TechReport web-site on Monday cited Ben de Waal, NVIDIA’s Vice President of GPU software, who is reported to have said that there were several opportunities for driver performance gains with multi-threading, including vertex processing. The NVIDIA’s representative said that NVIDIA’s drivers did load balancing for vertex processing, offloading some work to the CPU, when the GPU was busy. This sort of vertex processing load could be spun off into a separate thread and processed in parallel.

NVIDIA claims it has plans to produce drivers that utilize the additional power of dual-core and multi-core chips. According to estimations of Mr. De Waal, dual-core processors could see performance boosts somewhere between 5% and 30% with the new drivers.

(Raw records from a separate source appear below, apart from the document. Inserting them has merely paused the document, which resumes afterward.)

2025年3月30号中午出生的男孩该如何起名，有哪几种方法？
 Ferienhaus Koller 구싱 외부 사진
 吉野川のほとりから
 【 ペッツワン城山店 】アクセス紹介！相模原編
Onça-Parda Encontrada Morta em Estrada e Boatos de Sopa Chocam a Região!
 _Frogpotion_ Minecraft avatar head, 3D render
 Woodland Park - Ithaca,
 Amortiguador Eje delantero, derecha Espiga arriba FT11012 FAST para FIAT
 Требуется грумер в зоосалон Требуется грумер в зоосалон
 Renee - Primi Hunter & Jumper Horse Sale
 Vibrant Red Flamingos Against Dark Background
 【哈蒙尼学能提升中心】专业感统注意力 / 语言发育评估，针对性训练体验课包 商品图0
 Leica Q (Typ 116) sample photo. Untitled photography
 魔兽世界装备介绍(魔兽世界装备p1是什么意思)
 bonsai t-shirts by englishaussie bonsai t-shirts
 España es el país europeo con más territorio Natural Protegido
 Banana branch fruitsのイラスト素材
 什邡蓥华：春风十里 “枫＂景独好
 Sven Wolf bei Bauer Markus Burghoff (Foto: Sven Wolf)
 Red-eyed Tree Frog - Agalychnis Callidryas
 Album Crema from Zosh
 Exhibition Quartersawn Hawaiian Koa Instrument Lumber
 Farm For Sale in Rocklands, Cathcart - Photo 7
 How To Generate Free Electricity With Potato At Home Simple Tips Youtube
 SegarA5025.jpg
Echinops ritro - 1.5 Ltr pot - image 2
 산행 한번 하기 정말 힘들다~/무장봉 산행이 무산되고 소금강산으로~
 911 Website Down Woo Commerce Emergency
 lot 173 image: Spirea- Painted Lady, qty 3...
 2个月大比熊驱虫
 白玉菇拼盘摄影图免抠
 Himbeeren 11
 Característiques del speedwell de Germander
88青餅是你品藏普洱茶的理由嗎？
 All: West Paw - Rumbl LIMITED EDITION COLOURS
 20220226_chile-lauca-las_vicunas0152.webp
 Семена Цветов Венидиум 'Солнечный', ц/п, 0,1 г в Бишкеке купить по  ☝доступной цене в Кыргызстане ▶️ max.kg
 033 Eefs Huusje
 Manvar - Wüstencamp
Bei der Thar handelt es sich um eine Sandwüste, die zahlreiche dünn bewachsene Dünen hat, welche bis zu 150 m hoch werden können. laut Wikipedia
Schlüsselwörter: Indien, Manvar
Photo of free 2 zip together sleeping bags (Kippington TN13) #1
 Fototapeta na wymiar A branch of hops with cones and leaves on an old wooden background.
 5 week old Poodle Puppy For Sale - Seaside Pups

Usually server applications benefit from additional cores more than desktop software, as server programs are typically tailored for machines running two or more processors. For instance, when announcing its first dual-core chips, AMD said it expected the new dual-core server processors to deliver up to a 90% performance improvement for application servers over single-core AMD Opteron processors. The company believed desktop dual-core chips would especially benefit the so-called professional consumer and digital media enthusiasts, as well as those who run many software applications simultaneously.

NVIDIA did not provide any exact release dates for drivers that benefit from multi-cores, but said in the near future it would release drivers that improve multi-GPU support.

Comment from Faiakes @ 2005/06/23
Will that be a performance gain bringing Dual cores in sync with single-core CPUs or an exclusive gain (due paricularly to the Dual core design).